Falar de cantautores contemporâneos, principalmente do nosso país irmão, é sinónimo de falar de um dos mais requisitados e apetrechados músicos brasileiros: Cícero. À memória, saltam-nos nomes como Chico Buarque, Caetano Veloso, Tom Jobim, que fizeram da música popular brasileira aquilo que hoje conhecemos. E não apenas deixá-la no esquecimento. É como como se nós, portugueses, deixássemos o fado de fora da nossa cultura tradicional. A diferença entre ambos os géneros está na riqueza de influências e no objectivo das mesmas. Enquanto nós exorcizamos a alma e cantamos a saudade platónica com alguma tristeza, os brasileiros tocam para serem felizes. Não há como não ficar com um sorriso nos lábios quando ouvimos um tema do género. Mas levemo-los a sério: a política e a opressão também lá está e sentimo-las na pele.
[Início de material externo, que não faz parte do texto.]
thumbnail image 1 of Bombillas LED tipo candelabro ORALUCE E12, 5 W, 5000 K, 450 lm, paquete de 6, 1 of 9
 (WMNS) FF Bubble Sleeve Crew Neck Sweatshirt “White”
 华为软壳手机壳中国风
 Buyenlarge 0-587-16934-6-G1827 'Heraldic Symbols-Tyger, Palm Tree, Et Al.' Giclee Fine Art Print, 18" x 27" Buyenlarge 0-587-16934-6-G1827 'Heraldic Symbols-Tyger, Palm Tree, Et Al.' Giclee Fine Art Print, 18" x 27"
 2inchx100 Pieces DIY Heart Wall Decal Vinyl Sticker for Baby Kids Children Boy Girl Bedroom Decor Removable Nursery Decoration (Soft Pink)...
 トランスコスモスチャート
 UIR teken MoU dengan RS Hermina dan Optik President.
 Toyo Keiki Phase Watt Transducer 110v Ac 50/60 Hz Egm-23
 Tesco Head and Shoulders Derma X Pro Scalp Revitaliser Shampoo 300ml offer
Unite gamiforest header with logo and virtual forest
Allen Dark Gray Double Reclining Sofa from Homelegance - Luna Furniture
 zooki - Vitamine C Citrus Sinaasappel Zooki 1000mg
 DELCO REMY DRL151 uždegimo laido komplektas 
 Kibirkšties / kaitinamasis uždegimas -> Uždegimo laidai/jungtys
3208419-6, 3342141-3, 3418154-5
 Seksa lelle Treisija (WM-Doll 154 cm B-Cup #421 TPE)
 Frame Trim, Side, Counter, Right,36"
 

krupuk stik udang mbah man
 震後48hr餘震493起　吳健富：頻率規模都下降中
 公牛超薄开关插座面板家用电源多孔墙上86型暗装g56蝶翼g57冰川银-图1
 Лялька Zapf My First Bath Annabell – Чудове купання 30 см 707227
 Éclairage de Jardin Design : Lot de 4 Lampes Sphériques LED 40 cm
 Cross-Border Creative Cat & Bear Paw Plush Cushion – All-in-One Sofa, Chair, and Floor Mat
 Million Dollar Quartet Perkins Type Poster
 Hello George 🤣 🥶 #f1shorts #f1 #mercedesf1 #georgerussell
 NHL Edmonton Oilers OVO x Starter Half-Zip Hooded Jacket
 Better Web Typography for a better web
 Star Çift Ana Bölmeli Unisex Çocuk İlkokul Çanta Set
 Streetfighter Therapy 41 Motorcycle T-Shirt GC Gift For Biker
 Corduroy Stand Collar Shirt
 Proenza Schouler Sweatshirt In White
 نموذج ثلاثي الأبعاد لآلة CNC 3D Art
Mas Cícero. Este carioca que se apresentou ao público em 2011 com Canções de Apartamento, álbum que fora gravado exactamente onde o nome indica, no seu apartamento. Tudo de forma independente. E é desta forma que chegam Sábado e A Praia. Todos os registos foram lançados gratuitamente na internet, não fosse esta uma forma bonita de fazer chegar um cheirinho daquilo que se ouve no Brasil. Pensemos nos álbuns como uma homenagem aos heróis brasileiros dos anos 70 mas a piscar o olho aos nossos próximos Los Hermanos, de Marcelo Camelo e companhia.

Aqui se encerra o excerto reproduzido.